YOUR OBJECTIVE:
Please output every record exactly, keeping each line as it is.

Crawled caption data

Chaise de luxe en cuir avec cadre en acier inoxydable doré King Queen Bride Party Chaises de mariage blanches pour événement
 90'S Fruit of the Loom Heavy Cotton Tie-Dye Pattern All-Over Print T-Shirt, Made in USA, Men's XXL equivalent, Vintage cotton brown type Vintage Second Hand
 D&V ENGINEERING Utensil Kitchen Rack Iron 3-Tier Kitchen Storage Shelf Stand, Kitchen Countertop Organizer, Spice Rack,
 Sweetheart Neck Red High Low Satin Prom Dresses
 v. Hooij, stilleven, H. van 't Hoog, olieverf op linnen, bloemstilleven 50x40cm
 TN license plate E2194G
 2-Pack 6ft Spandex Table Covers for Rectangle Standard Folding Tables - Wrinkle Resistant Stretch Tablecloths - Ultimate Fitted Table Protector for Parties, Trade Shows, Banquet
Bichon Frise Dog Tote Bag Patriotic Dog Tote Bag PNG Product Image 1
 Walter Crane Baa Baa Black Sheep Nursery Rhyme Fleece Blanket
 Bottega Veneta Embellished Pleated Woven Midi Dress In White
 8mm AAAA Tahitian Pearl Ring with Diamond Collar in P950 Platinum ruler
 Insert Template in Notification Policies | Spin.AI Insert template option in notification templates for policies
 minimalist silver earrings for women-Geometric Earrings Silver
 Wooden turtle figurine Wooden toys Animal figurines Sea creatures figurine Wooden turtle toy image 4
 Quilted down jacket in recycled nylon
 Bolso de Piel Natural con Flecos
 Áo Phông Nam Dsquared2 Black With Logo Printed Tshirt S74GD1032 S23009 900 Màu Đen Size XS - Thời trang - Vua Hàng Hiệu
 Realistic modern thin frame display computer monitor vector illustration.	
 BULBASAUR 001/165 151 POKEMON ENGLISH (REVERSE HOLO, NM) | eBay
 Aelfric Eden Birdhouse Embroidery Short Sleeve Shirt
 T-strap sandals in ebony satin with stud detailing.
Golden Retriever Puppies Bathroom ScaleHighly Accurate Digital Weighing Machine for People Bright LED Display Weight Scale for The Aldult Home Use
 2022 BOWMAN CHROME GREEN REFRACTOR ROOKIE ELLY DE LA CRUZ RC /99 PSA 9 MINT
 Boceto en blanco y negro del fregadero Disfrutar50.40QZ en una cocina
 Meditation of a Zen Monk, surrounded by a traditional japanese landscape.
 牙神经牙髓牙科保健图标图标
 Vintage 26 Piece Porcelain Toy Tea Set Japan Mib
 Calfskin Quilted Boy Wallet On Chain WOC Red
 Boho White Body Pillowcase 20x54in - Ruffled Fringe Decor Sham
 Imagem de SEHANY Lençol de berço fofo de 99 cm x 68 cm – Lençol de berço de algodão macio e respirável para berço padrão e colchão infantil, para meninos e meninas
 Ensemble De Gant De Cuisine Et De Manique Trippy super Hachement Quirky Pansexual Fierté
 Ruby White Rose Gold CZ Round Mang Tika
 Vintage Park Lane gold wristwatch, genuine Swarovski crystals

YOUR RESPONSE:
Chaise de luxe en cuir avec cadre en acier inoxydable doré King Queen Bride Party Chaises de mariage blanches pour événement
 90'S Fruit of the Loom Heavy Cotton Tie-Dye Pattern All-Over Print T-Shirt, Made in USA, Men's XXL equivalent, Vintage cotton brown type Vintage Second Hand
 D&V ENGINEERING Utensil Kitchen Rack Iron 3-Tier Kitchen Storage Shelf Stand, Kitchen Countertop Organizer, Spice Rack,
 Sweetheart Neck Red High Low Satin Prom Dresses
 v. Hooij, stilleven, H. van 't Hoog, olieverf op linnen, bloemstilleven 50x40cm
 TN license plate E2194G
 2-Pack 6ft Spandex Table Covers for Rectangle Standard Folding Tables - Wrinkle Resistant Stretch Tablecloths - Ultimate Fitted Table Protector for Parties, Trade Shows, Banquet
Bichon Frise Dog Tote Bag Patriotic Dog Tote Bag PNG Product Image 1
 Walter Crane Baa Baa Black Sheep Nursery Rhyme Fleece Blanket
 Bottega Veneta Embellished Pleated Woven Midi Dress In White
 8mm AAAA Tahitian Pearl Ring with Diamond Collar in P950 Platinum ruler
 Insert Template in Notification Policies | Spin.AI Insert template option in notification templates for policies
 minimalist silver earrings for women-Geometric Earrings Silver
 Wooden turtle figurine Wooden toys Animal figurines Sea creatures figurine Wooden turtle toy image 4
 Quilted down jacket in recycled nylon
 Bolso de Piel Natural con Flecos
 Áo Phông Nam Dsquared2 Black With Logo Printed Tshirt S74GD1032 S23009 900 Màu Đen Size XS - Thời trang - Vua Hàng Hiệu
 Realistic modern thin frame display computer monitor vector illustration.	
 BULBASAUR 001/165 151 POKEMON ENGLISH (REVERSE HOLO, NM) | eBay
 Aelfric Eden Birdhouse Embroidery Short Sleeve Shirt
 T-strap sandals in ebony satin with stud detailing.
Golden Retriever Puppies Bathroom ScaleHighly Accurate Digital Weighing Machine for People Bright LED Display Weight Scale for The Aldult Home Use
 2022 BOWMAN CHROME GREEN REFRACTOR ROOKIE ELLY DE LA CRUZ RC /99 PSA 9 MINT
 Boceto en blanco y negro del fregadero Disfrutar50.40QZ en una cocina
 Meditation of a Zen Monk, surrounded by a traditional japanese landscape.
 牙神经牙髓牙科保健图标图标
 Vintage 26 Piece Porcelain Toy Tea Set Japan Mib
 Calfskin Quilted Boy Wallet On Chain WOC Red
 Boho White Body Pillowcase 20x54in - Ruffled Fringe Decor Sham
 Imagem de SEHANY Lençol de berço fofo de 99 cm x 68 cm – Lençol de berço de algodão macio e respirável para berço padrão e colchão infantil, para meninos e meninas
 Ensemble De Gant De Cuisine Et De Manique Trippy super Hachement Quirky Pansexual Fierté
 Ruby White Rose Gold CZ Round Mang Tika
 Vintage Park Lane gold wristwatch, genuine Swarovski crystals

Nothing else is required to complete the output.